Cyber-criminals are increasingly crafting attacks and targeting specific employees to maximize their ill-gotten gains. Who better to target than the folks who manage lots of money?
Barracuda Labs recently detected a spam campaign targeting hedge fund managers, Dave Michmerhuizen and Luis Chapetti, security researchers at Barracuda Networks, wrote Wednesday on the company’s Internet Security blog. Like other targeted attacks, the criminals behind this campaign took pains to create an email that would pique the recipient’s interest and open the attachment.
The pitch in the attack email was short and simple, offering advice about carried interest feed, an account mechanism used by hedge and private equity funds to return income to funds. Lately, its tax status has been under discussion.
“For this reason, any email purporting to have information about carried interest fees is likely to raise the curiosity of financial professionals,” Michmeerhuizen and Chapetti wrote.
Like other targeted attacks, the short email pitch came with an executable file as an attachment. The file, actually a Trojan, had a filename that seemed relevant to financial professionals. However, in this case, attackers were sending an executable, not a PDF or RTF document.
Opening and running the attachment, which a user should never do, displays a file that contained actually relevant information, according to the post. While the attachment is open and running, it installs a keylogger in the background.
The keylogger captures keystrokes and later loads them to a remote server using FTP, Michmeerhuizen and Chapetti wrote.
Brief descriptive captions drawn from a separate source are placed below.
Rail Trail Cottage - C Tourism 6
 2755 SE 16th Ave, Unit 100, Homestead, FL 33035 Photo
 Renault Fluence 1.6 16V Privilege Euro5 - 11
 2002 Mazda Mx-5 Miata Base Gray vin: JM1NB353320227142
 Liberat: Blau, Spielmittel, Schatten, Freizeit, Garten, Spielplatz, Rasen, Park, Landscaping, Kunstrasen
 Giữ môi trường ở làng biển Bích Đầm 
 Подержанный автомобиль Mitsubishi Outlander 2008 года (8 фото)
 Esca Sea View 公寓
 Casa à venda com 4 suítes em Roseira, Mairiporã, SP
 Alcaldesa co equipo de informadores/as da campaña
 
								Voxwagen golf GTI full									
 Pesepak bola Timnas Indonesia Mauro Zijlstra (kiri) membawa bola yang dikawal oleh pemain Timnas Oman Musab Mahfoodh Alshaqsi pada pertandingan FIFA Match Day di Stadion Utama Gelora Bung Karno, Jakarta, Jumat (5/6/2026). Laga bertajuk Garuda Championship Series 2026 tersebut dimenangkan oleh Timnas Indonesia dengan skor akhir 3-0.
Researchers were able to look at all the directory containing all the harvested information on the remote server. Each folder had the name of the computer which had been infected and contained the keylogger files sent from that machine.
“Never trust an attachment sent to you in email, even if the source appears reputable,” the Barracuda researchers said in the post.
The installed security suite on the computer may not be able to detect these attachments as malicious because criminals are going to great lengths to avoid detection. In cases like this, recipients should save the file without running it and send it to the virus scanning service virustotal.com, Michmeerhuizen and Chapetti wrote.
The service scans the file against popular security products to figure out whether it is detected by major antivirus and scanning engines. As of today, only 11 out of 42 products, including eSafe, Kaspersky, McAfee, Symantec, and Trend Micro, were able to detect this particular attachment, according to VirusTotal.